Teknologi berkembang super cepat, dan itu diperkirakan bakal terus berlanjut hingga 2025. Menurut Laporan Google e-Conomy SEA 2024, ekonomi digital Indonesia diprediksi mencapai transaksi bruto (GMV) sebesar 90 miliar USD pada tahun 2024, dan bakal melonjak sampai 360 miliar USD pada tahun 2030.
Haris Izmee, Direktur Utama Equinix Indonesia, bilang kalau perkembangan ekonomi digital Indonesia sangat pesat, berkat dukungan besar dari pemerintah dan banyaknya perusahaan yang mulai mengadopsi teknologi cloud. Ke depan, inovasi dalam bidang AI, IoT, dan big data analytics, yang didorong dengan solusi yang lebih ramah lingkungan dan efisien dalam hal energi, akan semakin mendorong permintaan untuk pusat data yang lebih canggih.

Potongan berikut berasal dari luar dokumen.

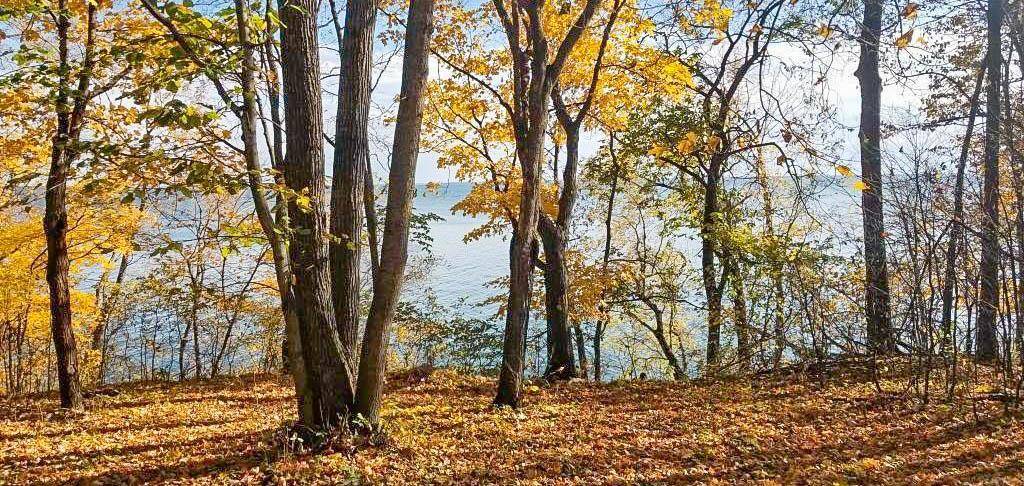 TBD Lot 19 Ni Gig Trail, Cass Lake, MN 56633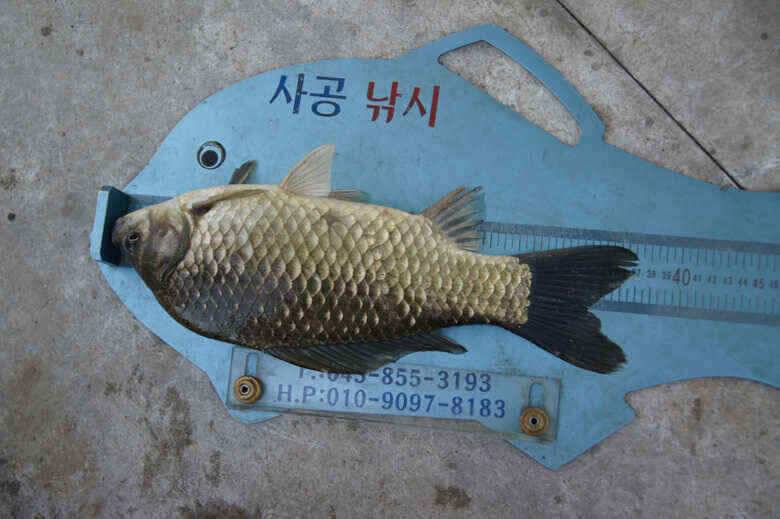늘푸른낚시터 대물붕어와 충주호이모저모 (조황조행기 - 낚시점조황)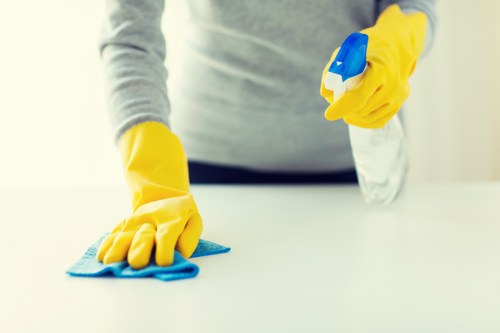 Routine home cleaning for families in Kingston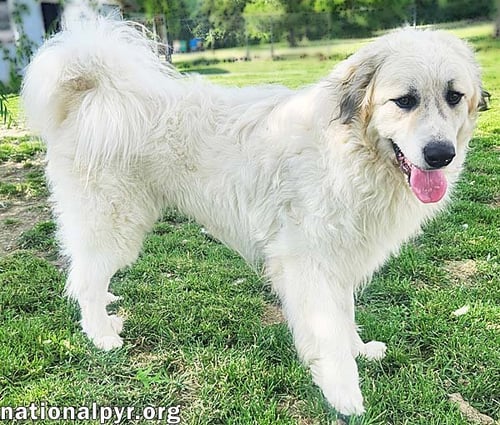 OAKLEY IN KY - A JOYFUL, PRANCING PUP! - Great Pyrenees available for adoption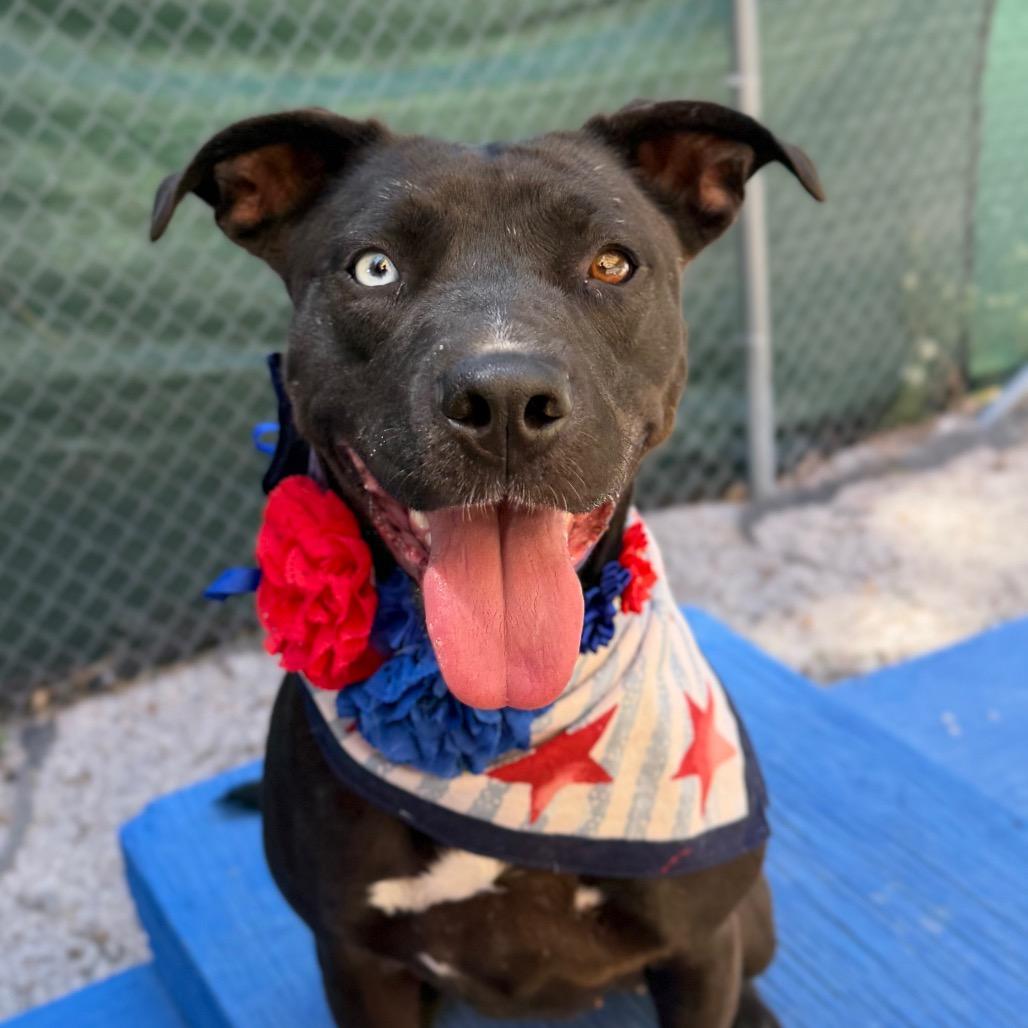 Enlarge Mora, a Adoptable mixed breed in Mount Shasta, CA image 2/6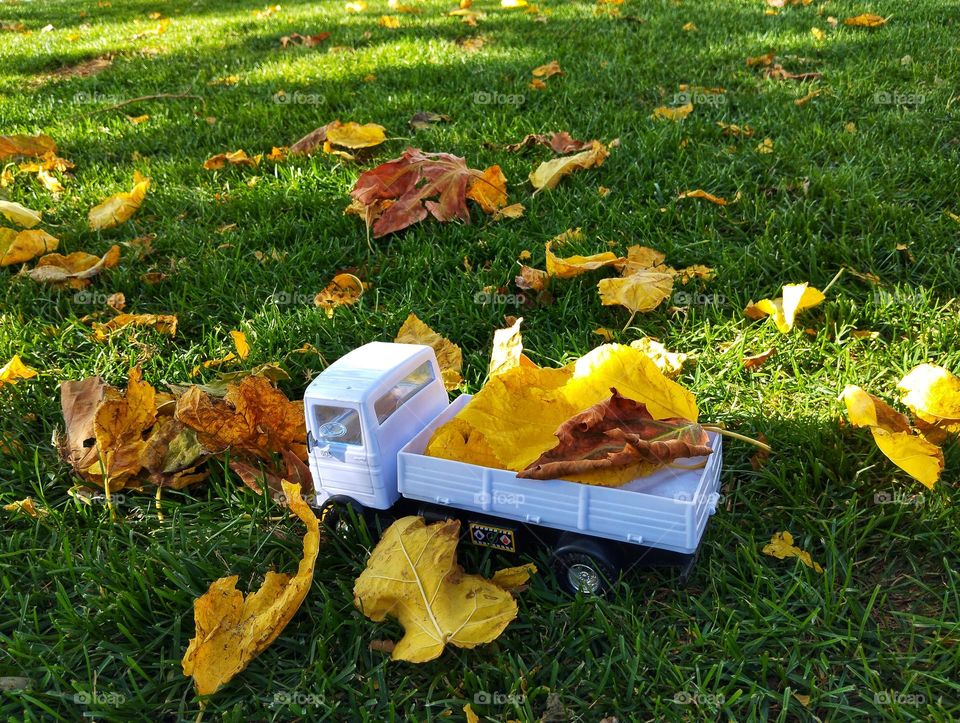 ENJOYMENT OF PLAYING WITH FALL LEAVES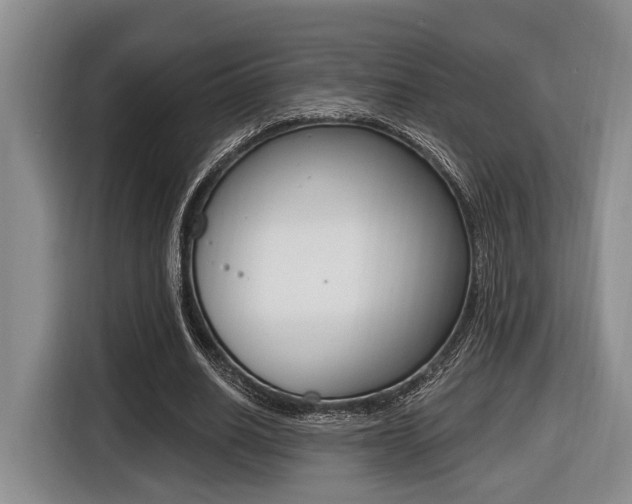 X0000116430630200912081221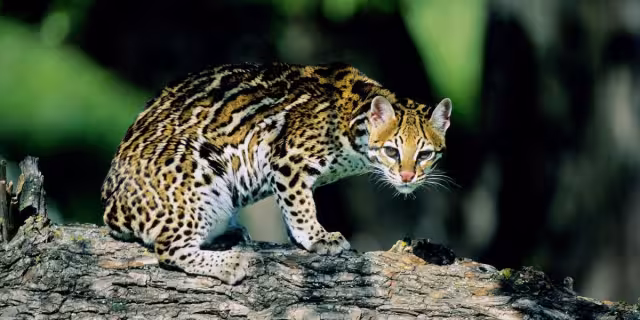 ¡Increíble! Encuentran un ocelote caminado por las calles de Cansahcab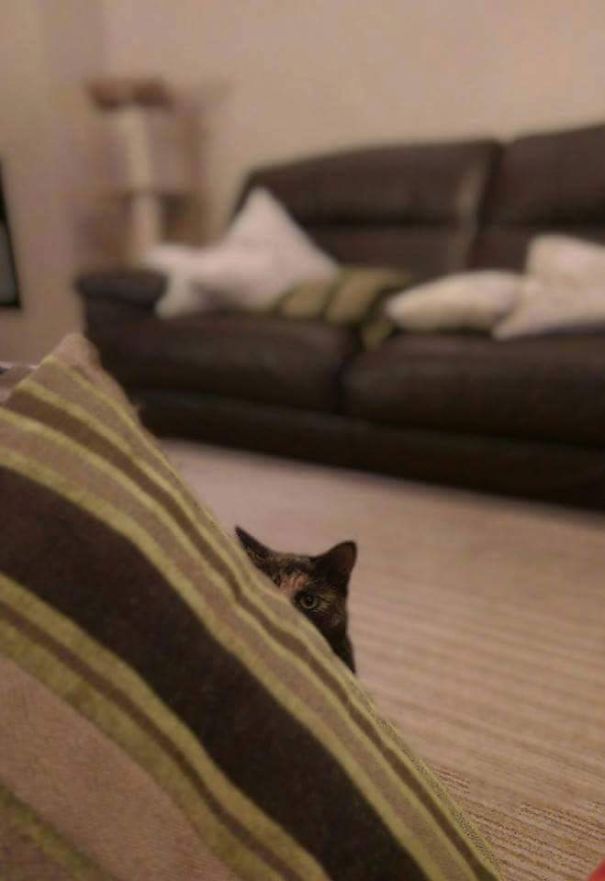 If He Moves I'm Going For His Throat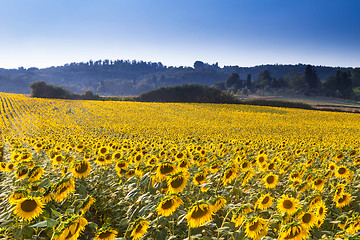 Image showing summer crops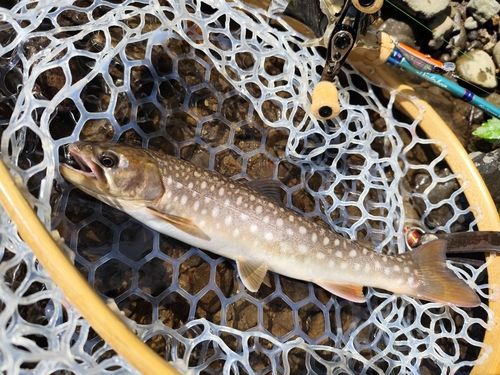 アメマスの釣果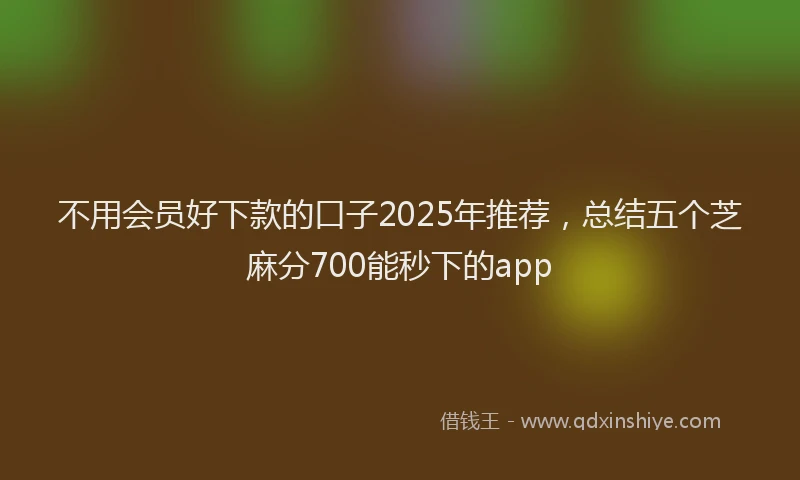 不用会员好下款的口子2025年推荐，总结五个芝麻分700能秒下的app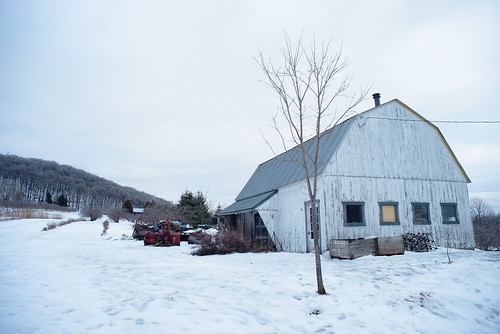barn landscape sony a7 olympus zuiko 35mm rawtherapee linux winter canada quebec hiver neige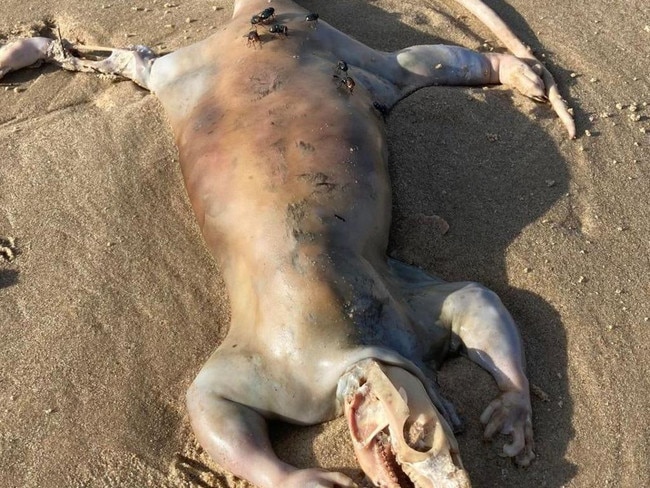 Mystery solved after ‘alien’ found on beach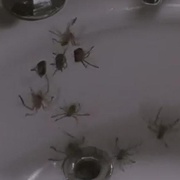 小魔星 Arachnophobia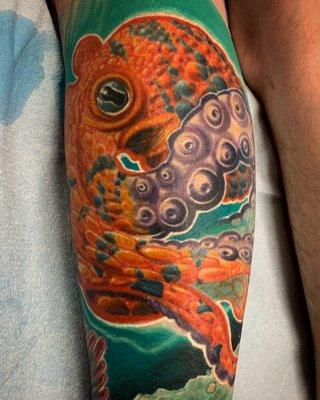 fun octopus by Dan Dittmer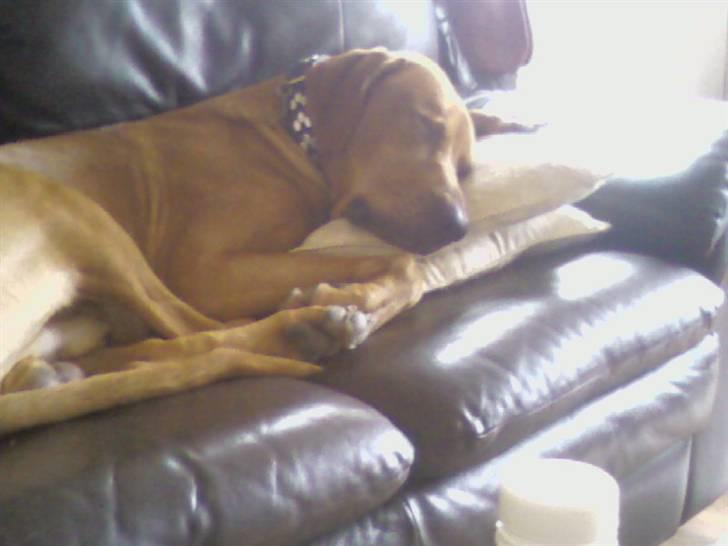 Rhodesian ridgeback Kuno billede 9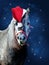 Cute pony with santa hat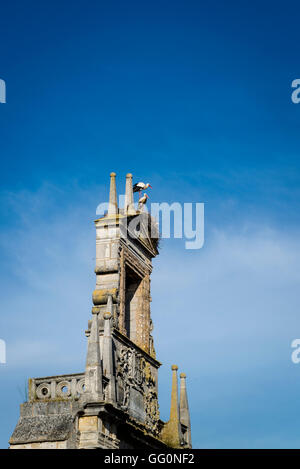 Due cicogne nidificanti sulla cima delle rovine di un antico monumento, Burgos, Castiglia e Leon, Spagna Foto Stock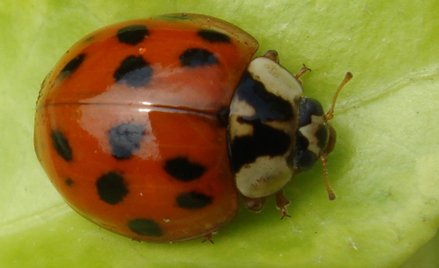 Biedronki azjatyckie. Czy są groźne dla człowieka?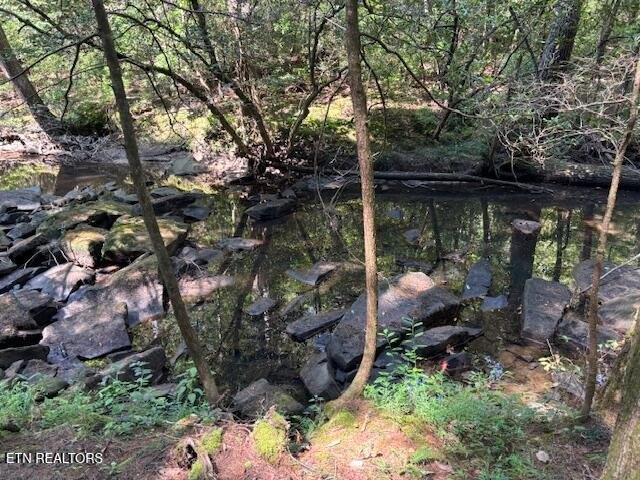 Crossville, Tennessee, 38558, United States, 3 Bedrooms Bedrooms, ,2.5 BathroomsBathrooms,Residential,Forsale,1968509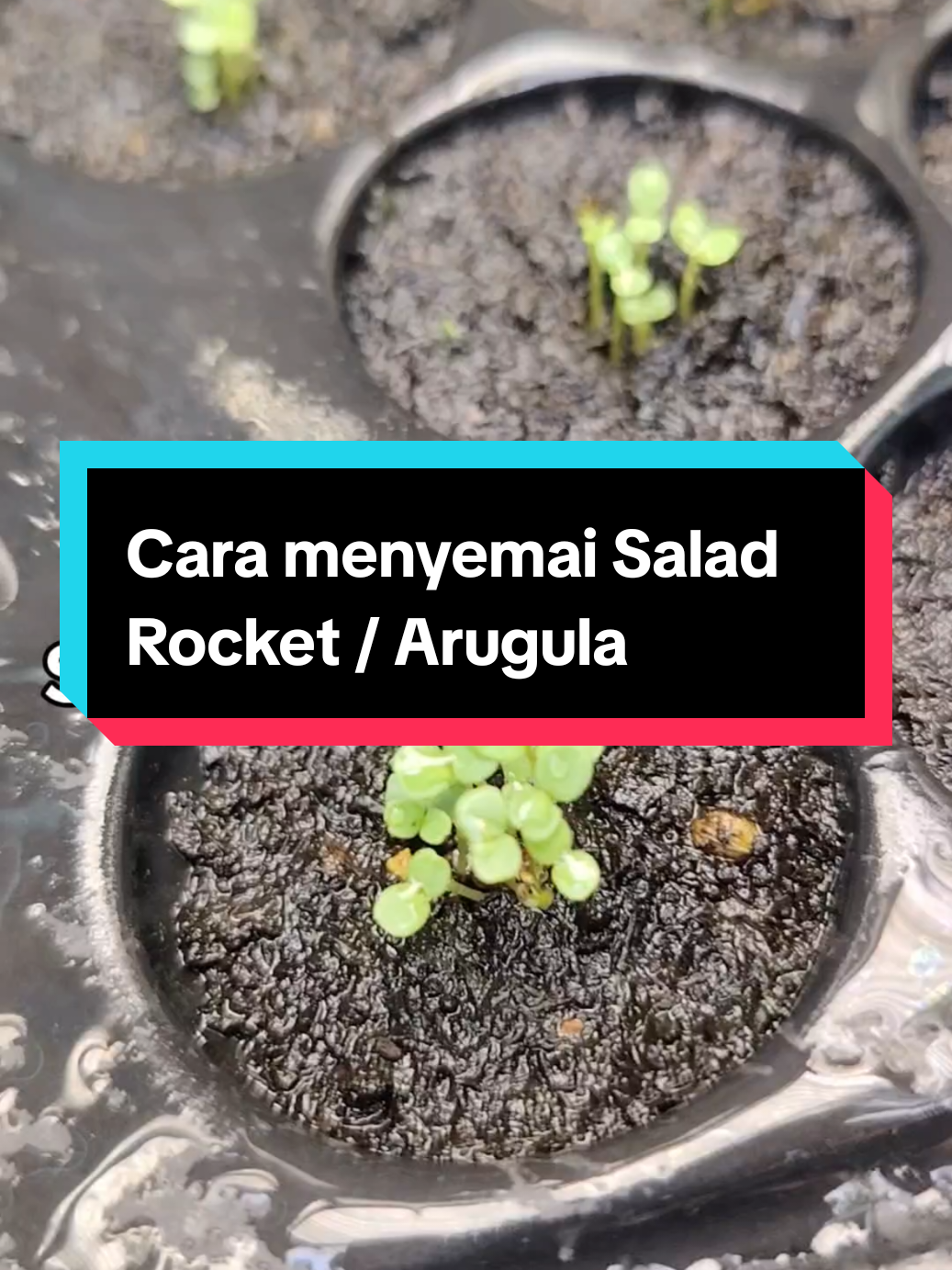 @Kakak Rose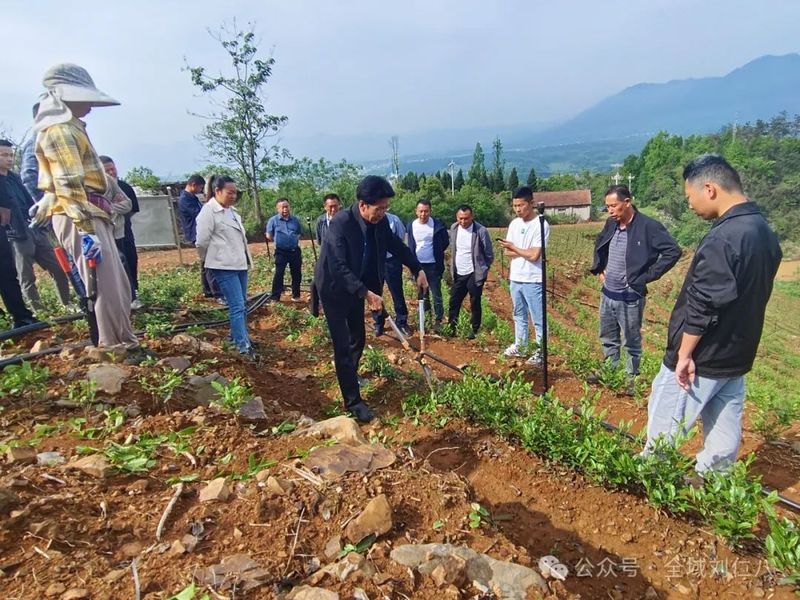 关于人勤春更早 茶园春管忙——刘仁八镇开展茶苗管护技术培训的相关信息(1)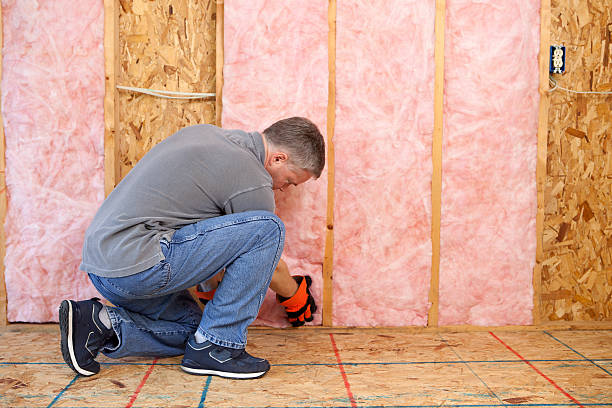 Best Insulation for New Construction  in Willow Park, TX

Menurutnya, para pengusaha dan pemimpin digital di berbagai industri harus terus mengikuti perubahan ini agar bisa memanfaatkan teknologi baru sebaik mungkin dan menghadapi tantangan yang ada demi mendorong pertumbuhan. Equinix sendiri siap mendukung transformasi digital Indonesia dengan menyediakan infrastruktur digital yang kuat, agar bisa memenuhi kebutuhan ini.
Menjelang tahun 2045, ada empat tren utama yang diprediksi bakal membentuk masa depan bisnis dan teknologi di Asia-Pasifik, termasuk Indonesia.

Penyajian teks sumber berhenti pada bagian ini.